Klein-Machnow: Eine Kleinstadt und ihre ungeliebten Kinder/ Straighte Anpassung, einiges Engagement, die große Langeweile und der selbstverständliche Fremdenhaß/ Die Erwachsenen sind irritiert und hilflos/ Freiheit, soll's denn sein?  ■ Aus Klein-Machnow Bascha Mika

„Sie (die Medien) überzogen den Kern des Problems — daß unsere Kinder in der Schule zur Unwahrhaftigkeit erzogen und in ihrem Charakter geschädigt werden, daß sie gegängelt, entmündigt und entmutigt werden — mit wort- und bilderreicher Schaumschlägerei.“ (Christa Wolf, Oktober 1989)

Jugendliche in der DDR: Geschädigt, gegängelt, entmündigt und entmutigt ihr ganzes kurzes Leben lang? Und seit der Wende die Freiheit — oder was? Was?

5.700 spitze Giebel, ebenso viele viereckige Vorgärten, reichlich alte Baumwipfel und ein großer Teich, an dem man mit Fug und Recht Alle meine Entchen singen kann. Klein- Machnow im Kreise Potsdam, eine Kleinstadt, wo 5.000 der 5.700 Häuser zwei Herren haben: die, die in den letzten Jahren darin wohnten und die, die Anspruch darauf erheben, seit es die DDR nicht mehr gibt.

Jeder weiß es in Klein-Machnow, daß die meisten um ihr Zuhause fürchten müssen. Jeder weiß auch, daß viele arbeitslos sind oder es bald sein werden. Die Parteischule, die größte im Staat, verschwand mit der SED; die drei Großbetriebe der Umgebung sind den Treuhand-Weg gegangen. Doch weil das frühere Villengebiet und spätere Luxuswohngebiet für besonders treue Sozialisten schon immer etwas Besseres war, kommt die Worte „arbeitslos“, „wohnungslos“ hier nur schwer über die Lippen. Die alltägliche Ordnung wird irgendwie aufrechterhalten. Aber da liegt noch etwas quer zu diesen Anstrengungen der Machnower: die eigenen Kinder. Die Kleinen hat man ja noch im Griff, aber die Großen...

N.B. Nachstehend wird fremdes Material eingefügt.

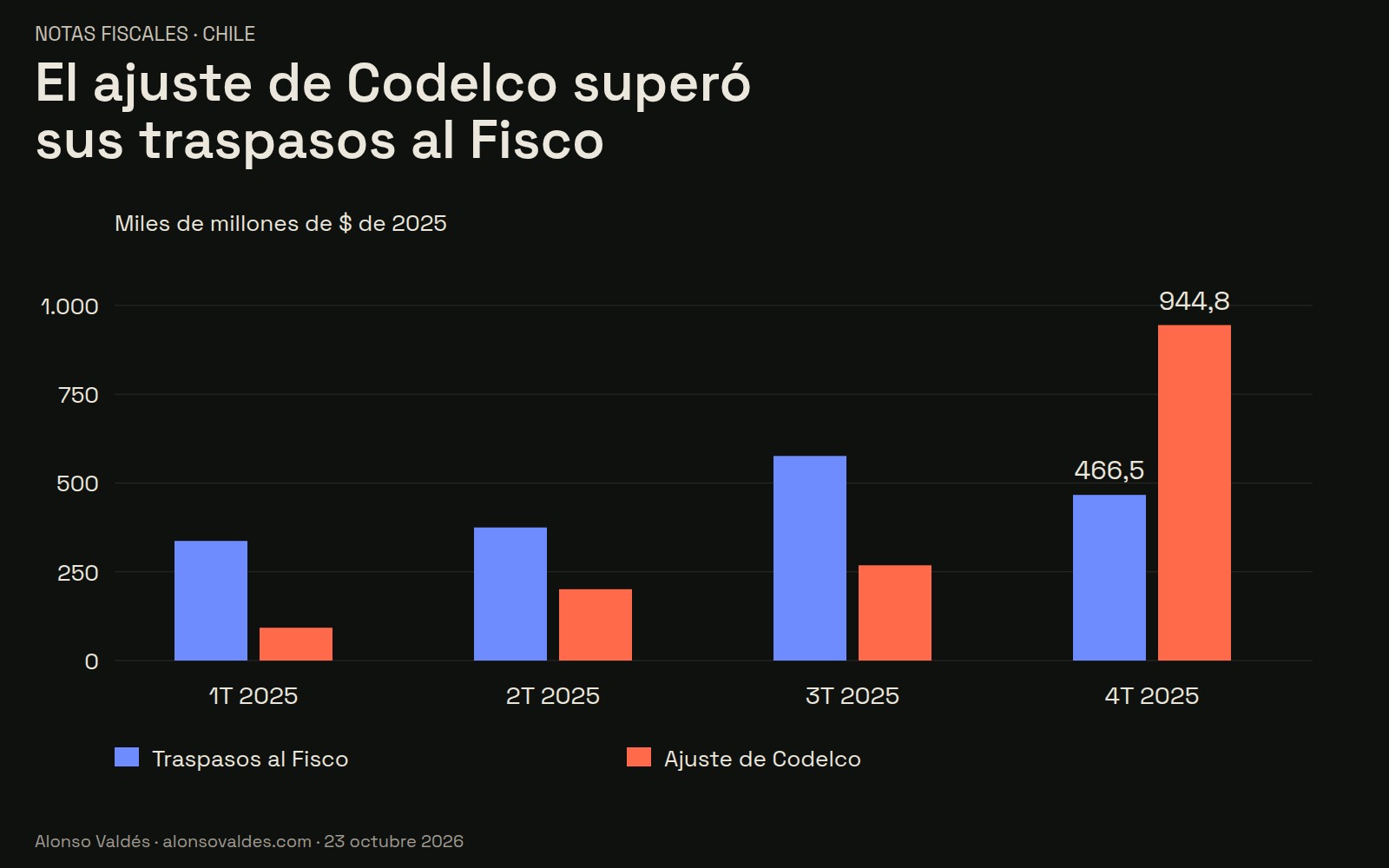El ajuste de Codelco puede superar lo que transfiere al Fisco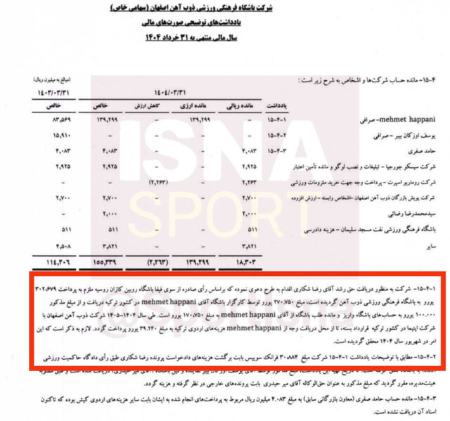 ذوب آهن،اخبار ورزشی،خبرهای ورزشی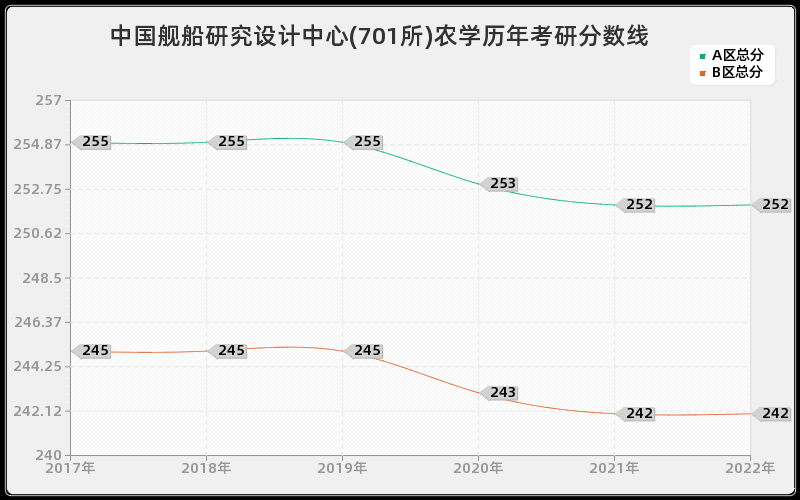 中国舰船研究设计中心(701所)农学历年考研分数线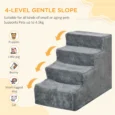 Dog Stairs Plush Cover for High Bed – Light grey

„Vor der Wende waren unsere Jugendlichen ganz artig.“ Pfarrer Langhein träumt nicht gerade von alten realsozialistischen Zeiten. Dazu mußte er sich als Jugendpfarrer zu oft beschränken lassen. Aber: „Jetzt dürfen die Jugendlichen alles, und das ist ganz schön beängstigend.“

Sie machen ihren Eltern Angst und ecken bei den Machnowern an. Sie treffen sich am Düppel-Teich, vor der Eisdiele oder seit neuestem im Jugendcafé des Kulturhauses. Christine, René, André, Ronny, Nicole, Alexander und Andreas zum Beispiel: Schüler und Lehrlinge zwischen 14 und 18, vereint in einer 20 bis 30 Leute starken Clique aus Klein-Machnow, Teltow und Stahnsdorf, die sich fast täglich trifft.

„Ich geh in die Schule, schlaf meine Stunden ab, geh nach Hause, knall die Tasche ins Eck und hau ab zum Düppel.“ Bis vor einem Jahr war die knapp 15jährige Christine genau wie der gleichaltrige Andreas Stubenhockerin. Dann schnitt sie sich die Haare auf halbe Streichholzlänge, umrahmte die Augen mit schwarzem Kajal und setzte das einstige Drängen der Mutter: „Kind, geh doch mal raus!“ in die Tat um.

Da stehen und sitzen sie am Teich, reden, rauchen, sind mal zärtlich, mal grob miteinander und werden mißtrauisch von denen beäugt, für die eine größere Gruppe von Jugendlichen gleich „Rowdytum und Zusammenrottung“ war, als noch Ordnung herrschte. Damals gingen die, die nicht zu Hause bleiben wollten, in den „Affenclub“ der FDJ.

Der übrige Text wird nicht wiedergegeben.